▶ Prompt: Return the listing in full and exactly, but without a single picture.

▶ Provided material:
——————

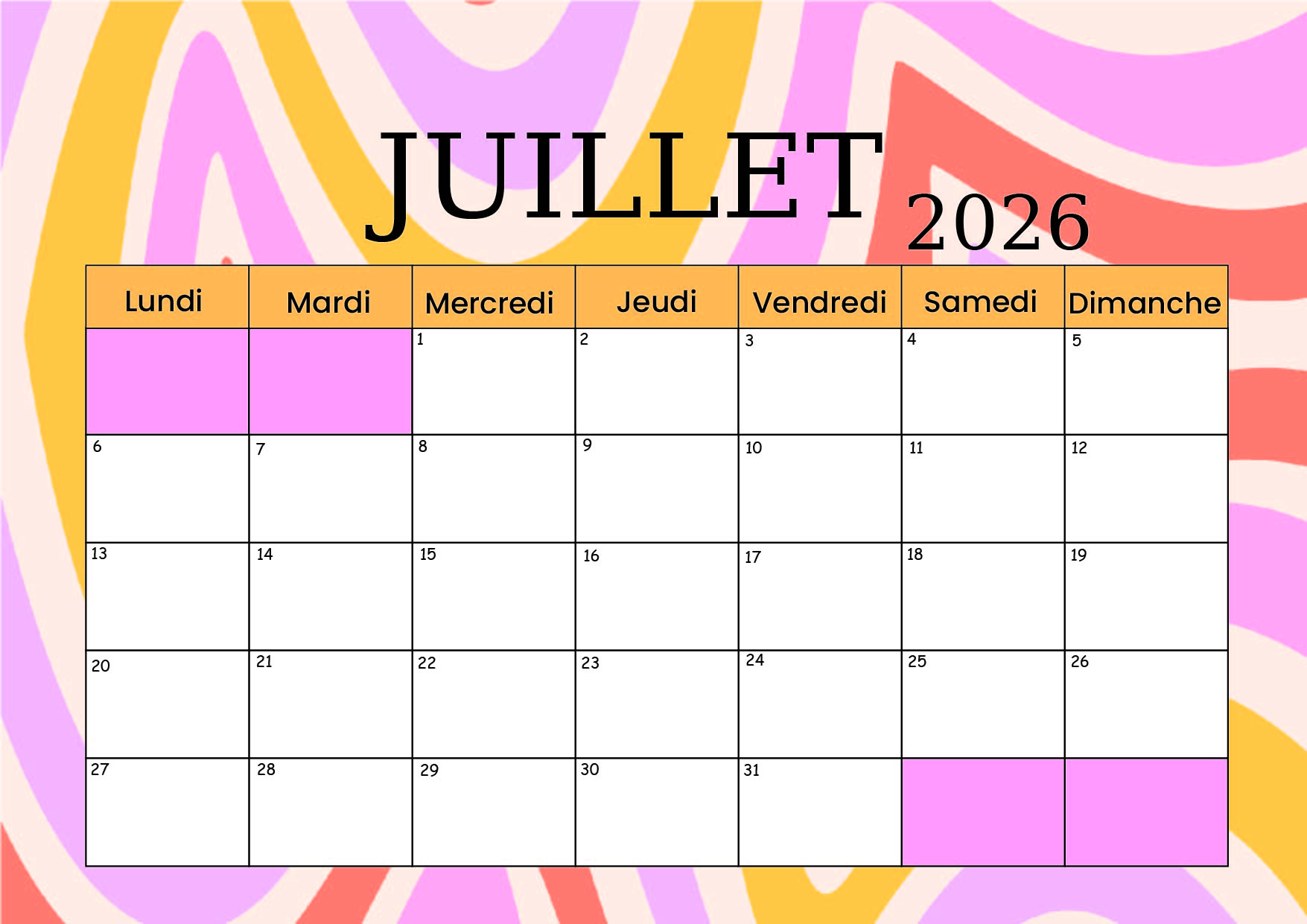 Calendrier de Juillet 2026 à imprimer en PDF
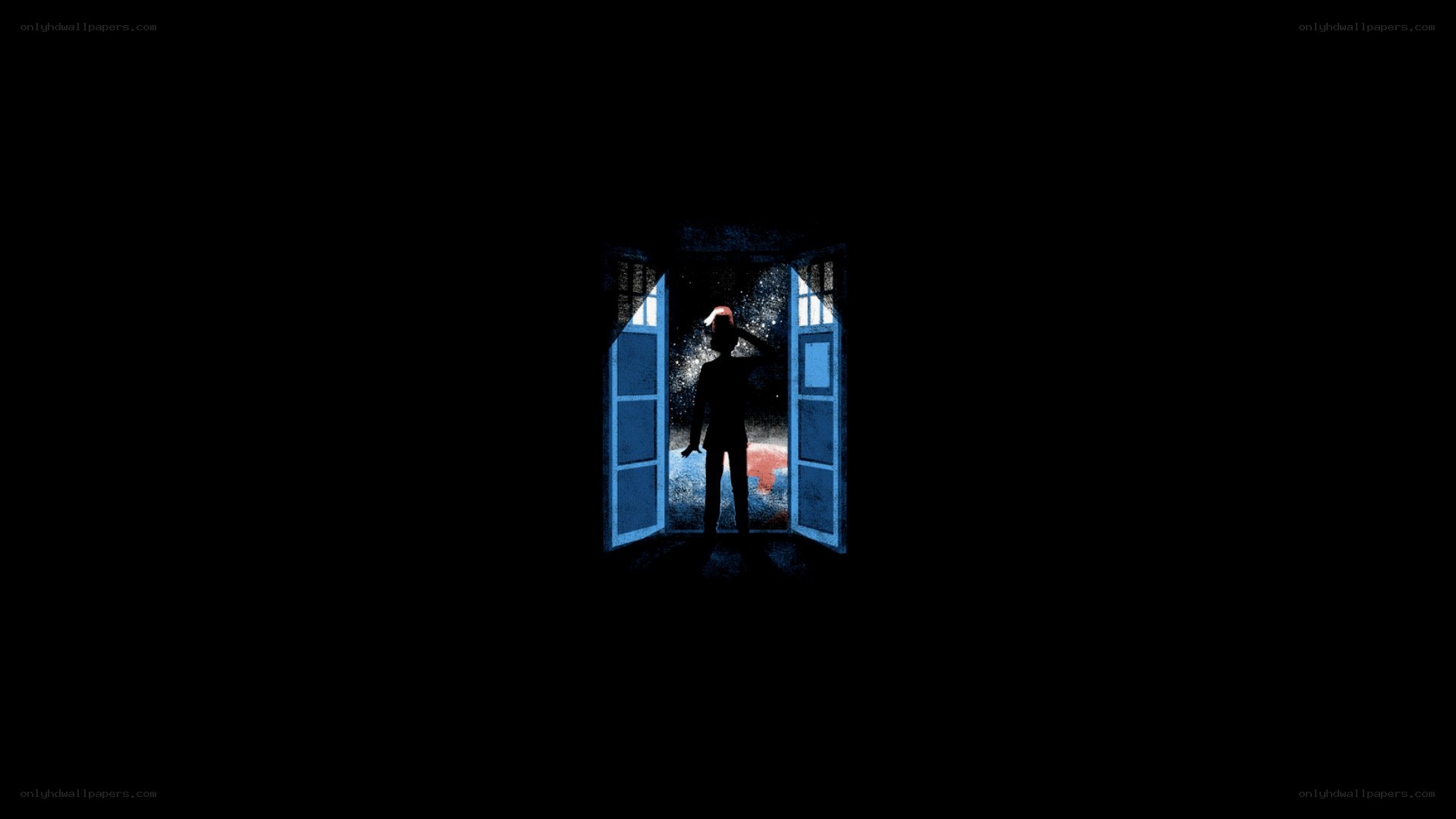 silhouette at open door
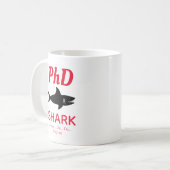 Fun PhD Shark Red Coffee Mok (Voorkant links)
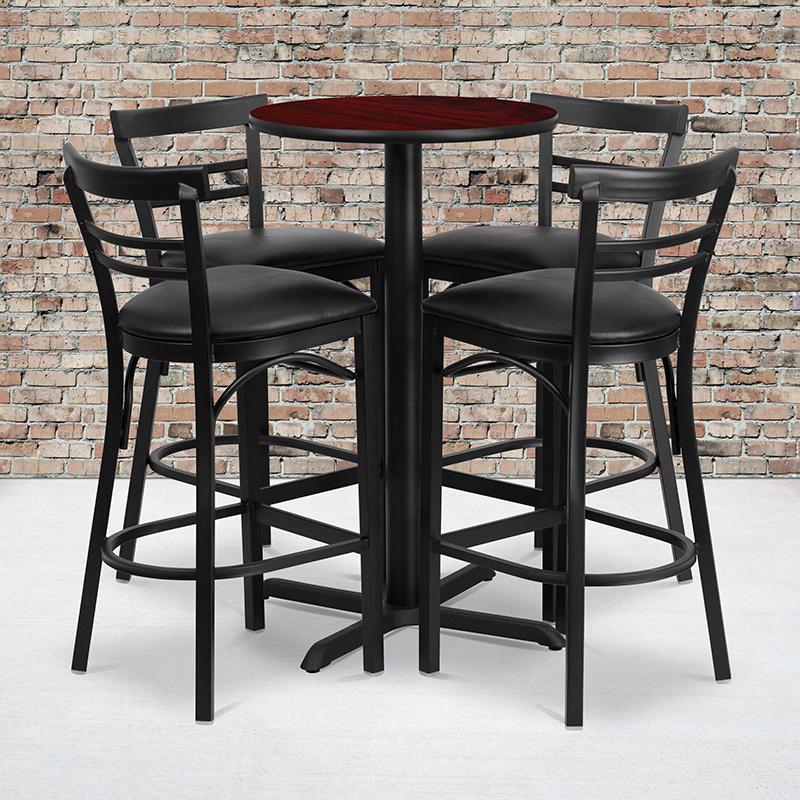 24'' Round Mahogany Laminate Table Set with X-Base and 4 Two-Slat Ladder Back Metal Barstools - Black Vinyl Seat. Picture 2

——————

▶ Result of the task:
 Calendrier de Juillet 2026 à imprimer en PDF
 silhouette at open door
 Fun PhD Shark Red Coffee Mok (Voorkant links)
 24'' Round Mahogany Laminate Table Set with X-Base and 4 Two-Slat Ladder Back Metal Barstools - Black Vinyl Seat. Picture 2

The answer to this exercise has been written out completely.